Last month my brother and I went out to eat with our dad and stepmom. We couldn’t find a parking spot on the cramped city street, so my dad decided he would go back to the parking garage we had ignored earlier. He thoughtfully offered to drop off my stepmom and me in front of the restaurant to spare us a few steps.
Unbeknownst to him, I hate to be dropped off.
I know he was trying to be nice. I know my stepmom appreciated it. I know this quirk of mine doesn’t make a lot of sense.
That didn’t stop me from grumbling like a four-year-old.
Of course, in the noble interest of “know thyself” (my thinly veiled excuse for putting the ‘anal’ in analyze), I’ve been trying to figure out why.
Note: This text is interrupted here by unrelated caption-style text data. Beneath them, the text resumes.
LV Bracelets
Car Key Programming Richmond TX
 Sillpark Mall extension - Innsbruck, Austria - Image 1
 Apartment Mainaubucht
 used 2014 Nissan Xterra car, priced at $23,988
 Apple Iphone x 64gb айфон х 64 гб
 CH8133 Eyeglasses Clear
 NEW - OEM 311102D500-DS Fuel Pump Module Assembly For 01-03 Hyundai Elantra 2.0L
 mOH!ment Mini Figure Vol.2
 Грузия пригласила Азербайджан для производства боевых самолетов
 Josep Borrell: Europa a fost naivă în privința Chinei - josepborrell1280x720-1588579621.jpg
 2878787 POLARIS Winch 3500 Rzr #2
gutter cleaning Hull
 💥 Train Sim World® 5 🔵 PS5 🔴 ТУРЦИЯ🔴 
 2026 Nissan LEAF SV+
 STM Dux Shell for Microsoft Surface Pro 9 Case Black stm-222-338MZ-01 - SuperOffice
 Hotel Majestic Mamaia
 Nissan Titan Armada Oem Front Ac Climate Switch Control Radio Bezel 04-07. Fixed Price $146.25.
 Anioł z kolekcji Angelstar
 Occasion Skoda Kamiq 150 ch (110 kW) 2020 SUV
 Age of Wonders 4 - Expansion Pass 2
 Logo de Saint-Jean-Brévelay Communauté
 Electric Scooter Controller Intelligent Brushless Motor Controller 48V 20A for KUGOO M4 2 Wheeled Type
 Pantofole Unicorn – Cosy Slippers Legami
I think there are two reasons.
The first didn’t really apply this time around, and it’s probably less important anyway. Usually being dropped off at the door means I have to stand around looking dopey as I wait for my companion to arrive. I need to get over that; I see other people do it all the time, and they don’t look dopey.
It’s the second reason that helps me understand myself better. I’m capable, dang it–just as capable as any person who has to walk a few extra blocks to the chosen venue from a parking space. In fact, I can even do it in the rain. Or in the snow. Or in the heat. Or in the dark of night. (That was a little homage to the unofficial postal workers’ creed, in case you missed it.) Not only that, but I can also do it in heels.
Where the driver sees the offer as a kindness, I see it as a poke at my ability, an implied softness. Remember that old chant, “Anything boys can do, girls can do better?”
Call me a dork, but at least I’m learning.
Now that I know what’s going on in my psyche, I can figure out what to do about it. This isn’t the dropper-offer’s problem–it’s mine–and I promise you, grumbling is not an acceptable response.
The way I look at it, I have two choices. I can give myself a mental smackdown, suck it up, and graciously accept. Or I can–equally graciously–tell my thoughtful driver, “No thanks. I’d rather enjoy your company and walk with you.”
What I won’t do is make someone feel bad for trying to do a good deed.